____ Data to use
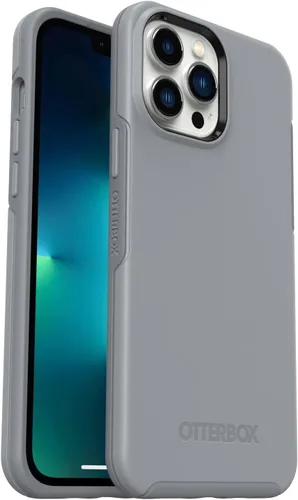 Miniatura 8 de OtterBox Symmetry Clear Series - Funda para iPhone 13 Pro Max y iPhone 12 Pro Max, transparente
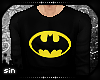 + batman sweater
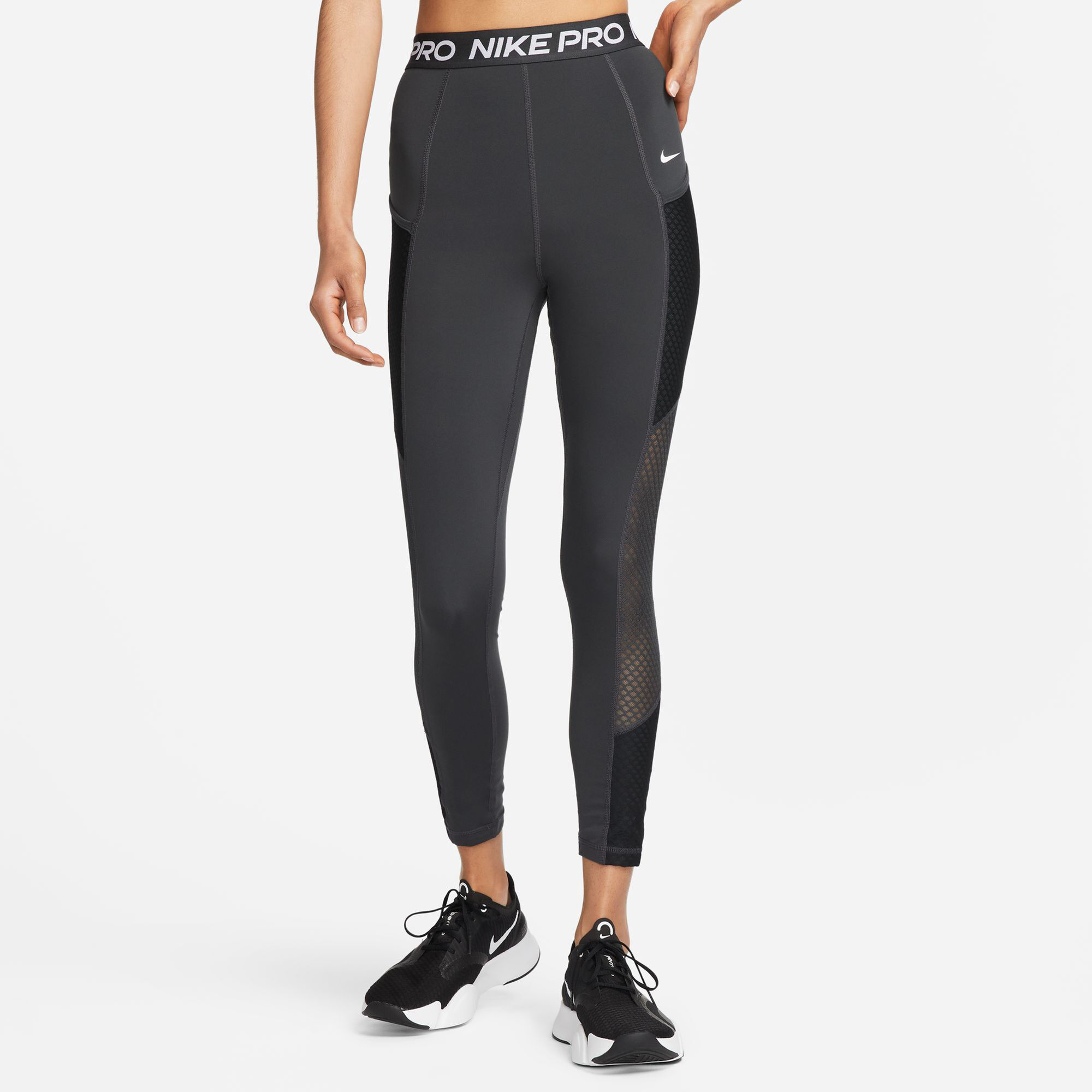 Nike Performance Damen Leggings in dunkelgrau bestellen - 18677601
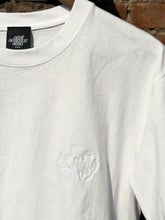 Load image into Gallery viewer, ANTi COUNTRY CLUB TOKYO 2026 SS - “A” EMBROIDERED T-SHIRT (WHITE) -
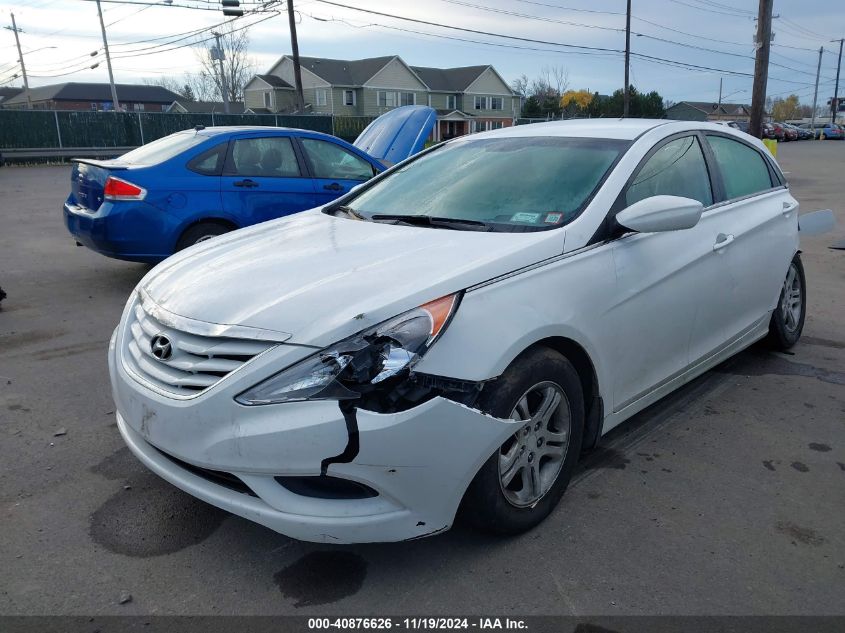 2013 Hyundai Sonata Gls VIN: 5NPEB4AC5DH636535 Lot: 40876626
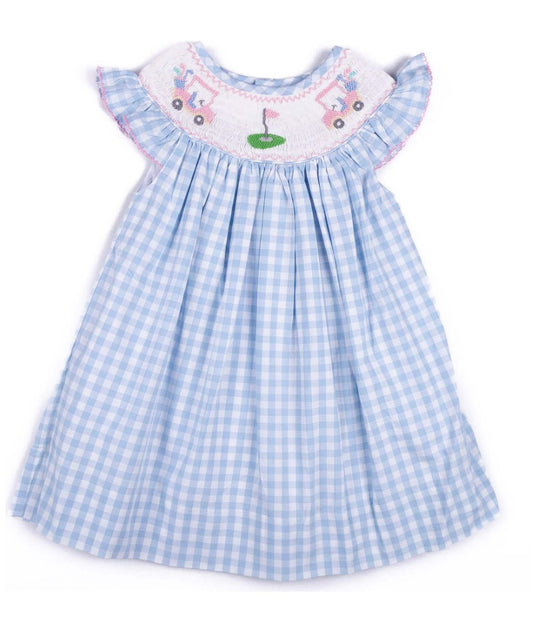 Smocked Golf Kate Dress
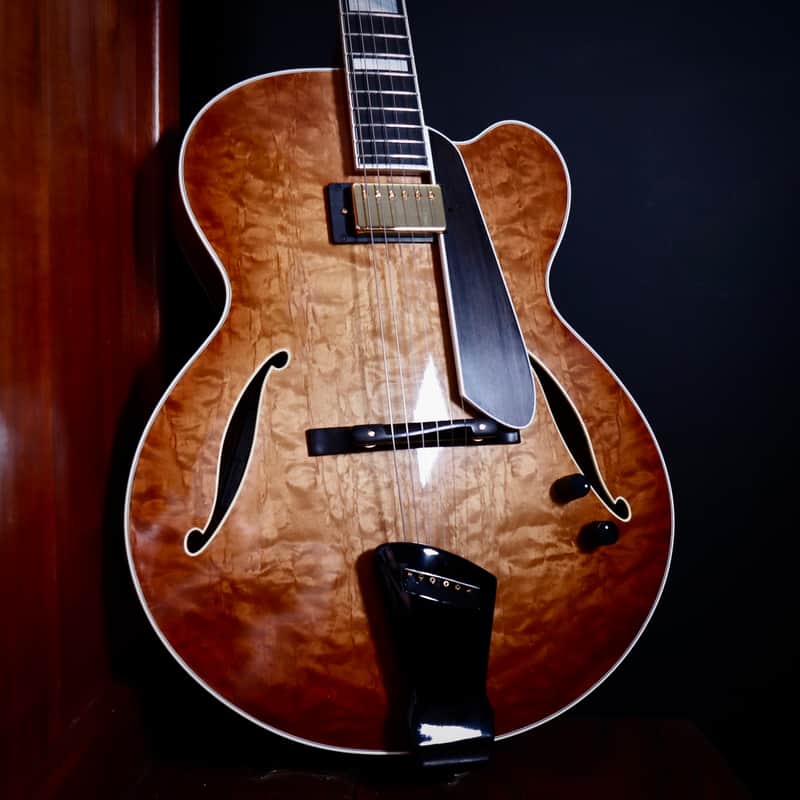 2020 Trenier Jazz Special Electric Archtop image 1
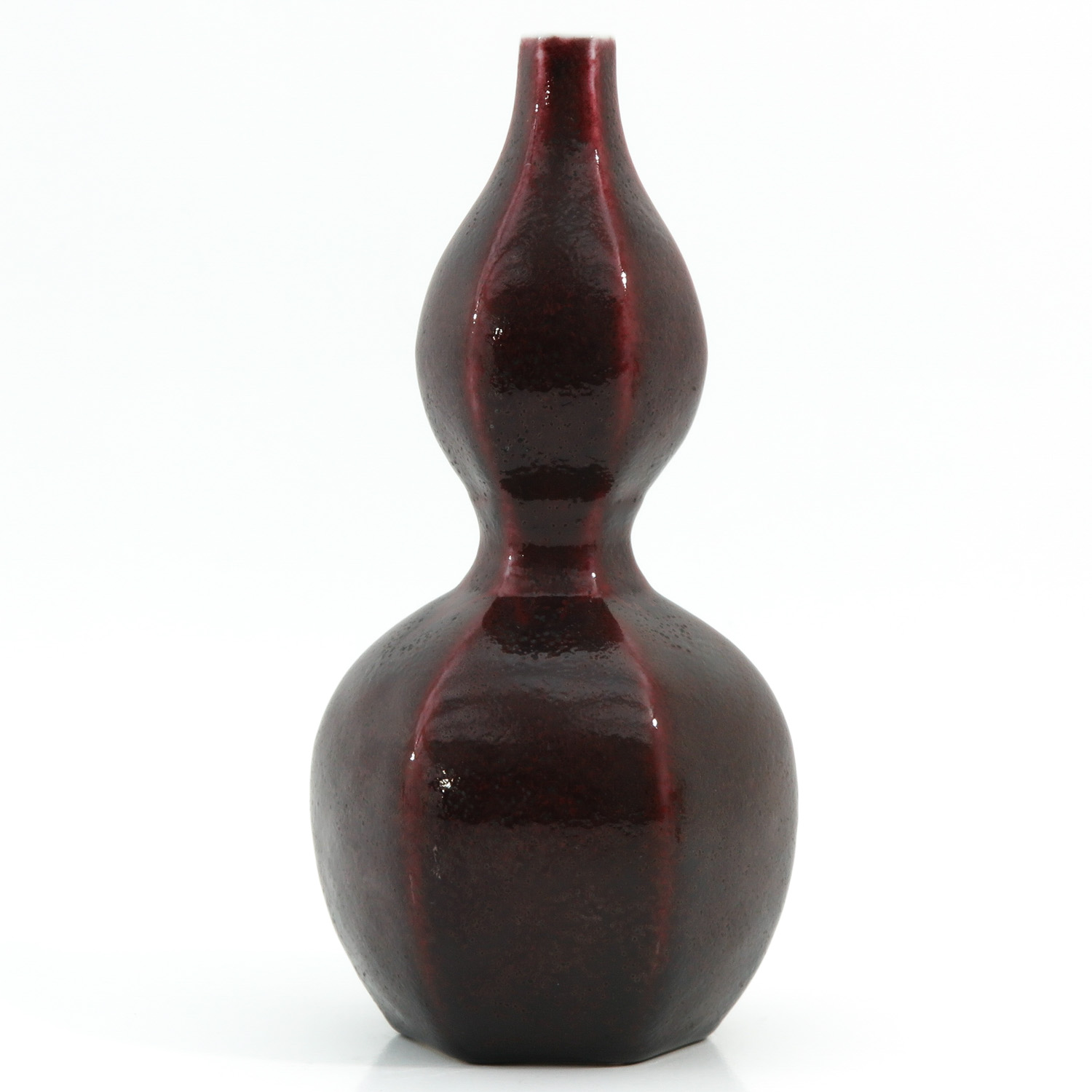 A Purple Glaze Vase - Image 3 of 9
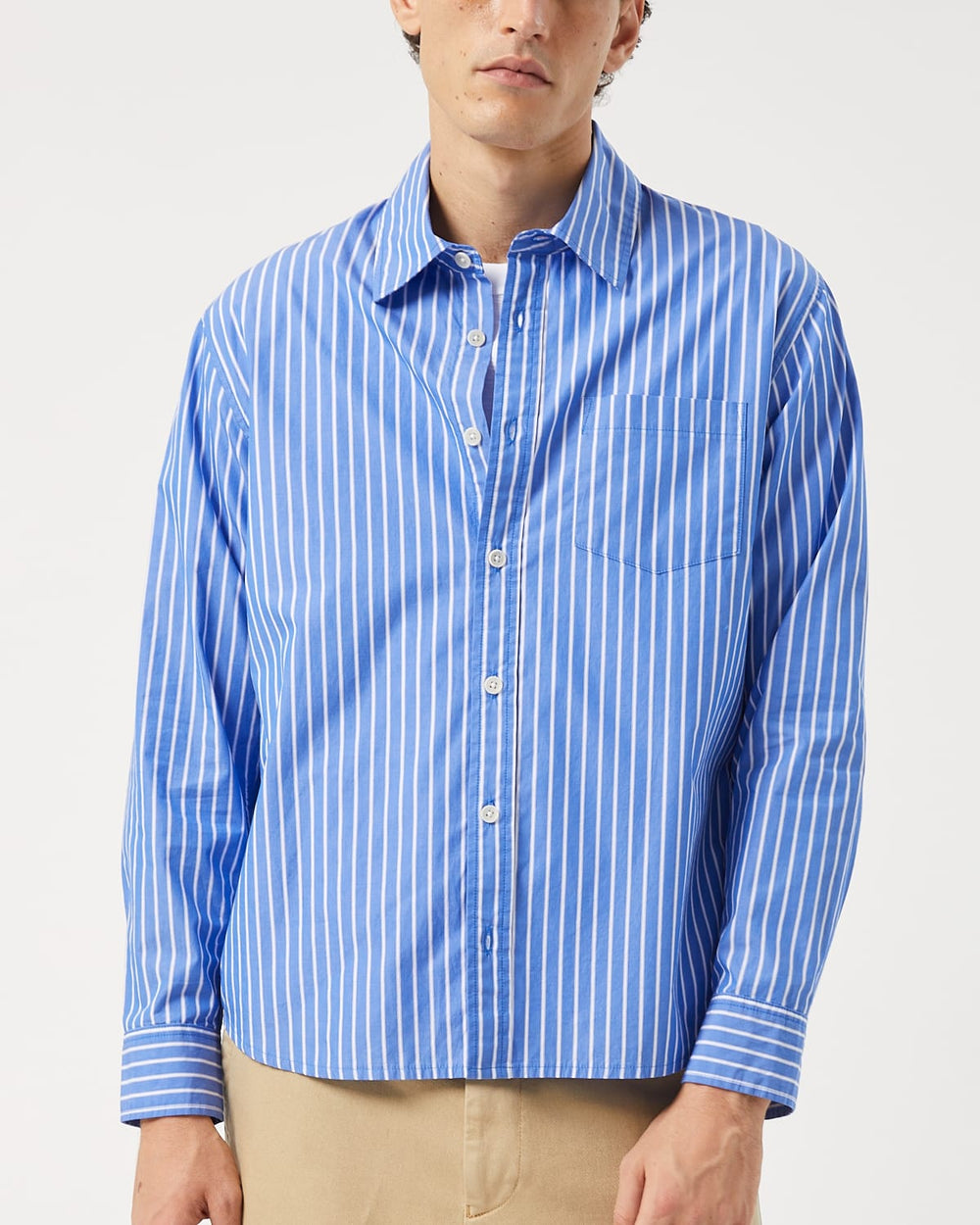 Berg Stripe LS - Blue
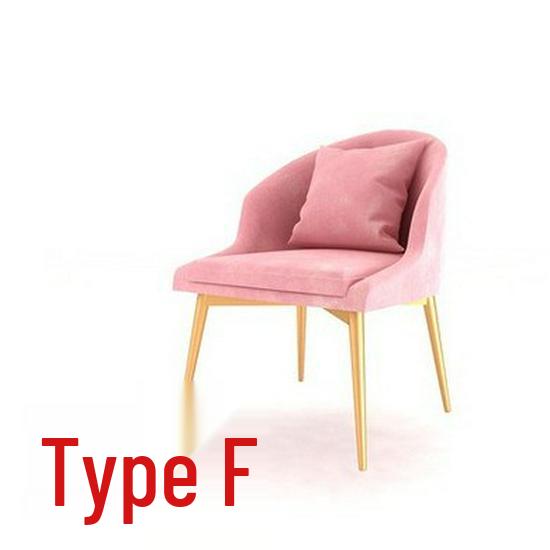 Contemporary Plush Backrest Chair for Home, Office, or Leisure.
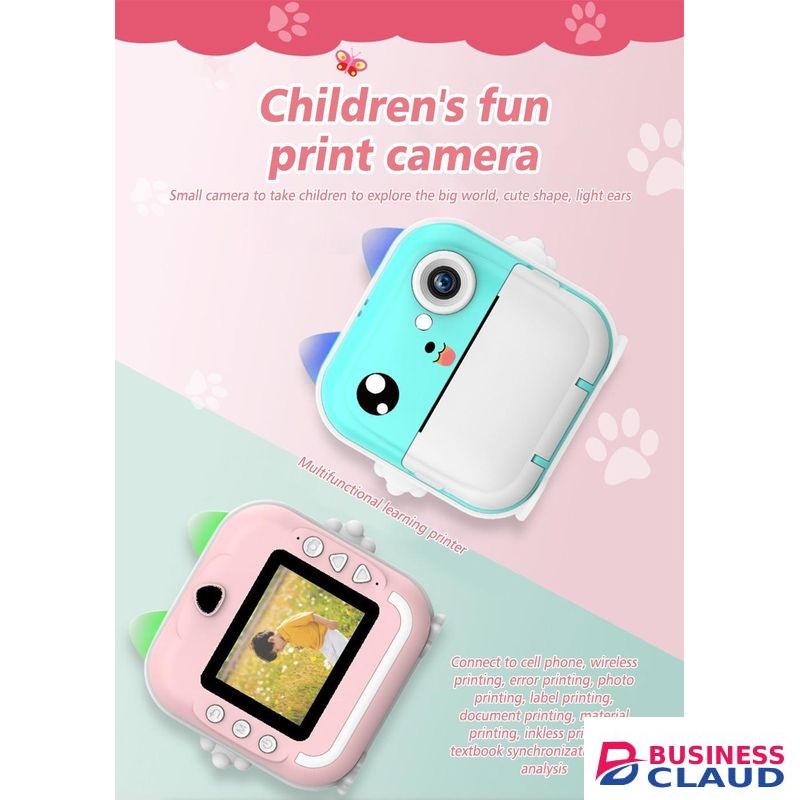 Nex Portable Mini Pocket Bluetooth Thermal Printer – Inkless Label, Receipt & Photo Printer with 3 Free Paper Rolls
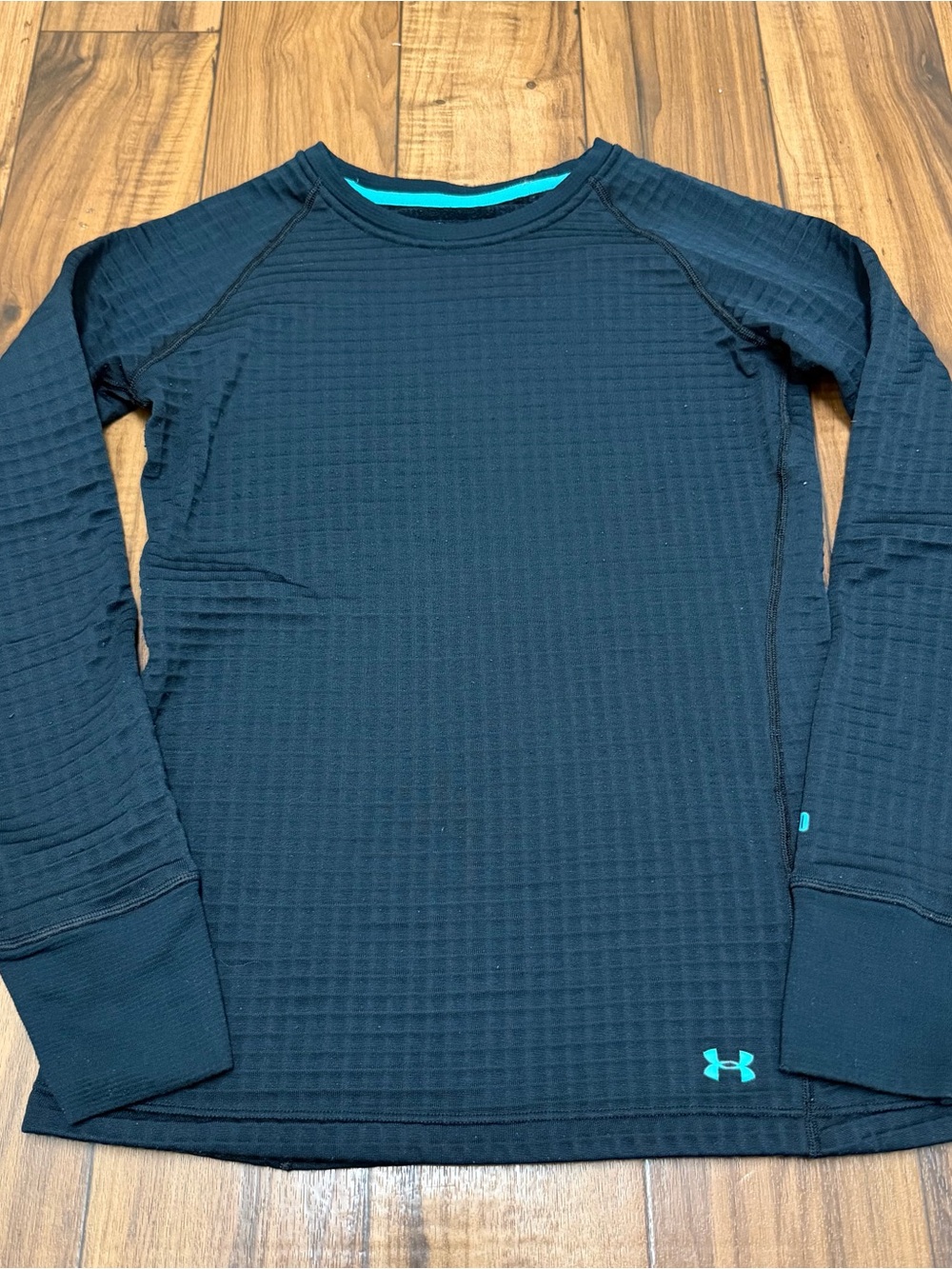 Under Armour Coldgear Base Layer 4.0 Women’s M Black Fitted Long Sleeve Shirt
________
▶ **What is required**
Skip all pictures. Copy exactly the lines from the one containing "Smocked Golf Kate Dress" through the end of the records, both ends included.

▶ **Output below**
 Smocked Golf Kate Dress
 2020 Trenier Jazz Special Electric Archtop image 1
 A Purple Glaze Vase - Image 3 of 9
 Berg Stripe LS - Blue
 Contemporary Plush Backrest Chair for Home, Office, or Leisure.
 Nex Portable Mini Pocket Bluetooth Thermal Printer – Inkless Label, Receipt & Photo Printer with 3 Free Paper Rolls
 Under Armour Coldgear Base Layer 4.0 Women’s M Black Fitted Long Sleeve Shirt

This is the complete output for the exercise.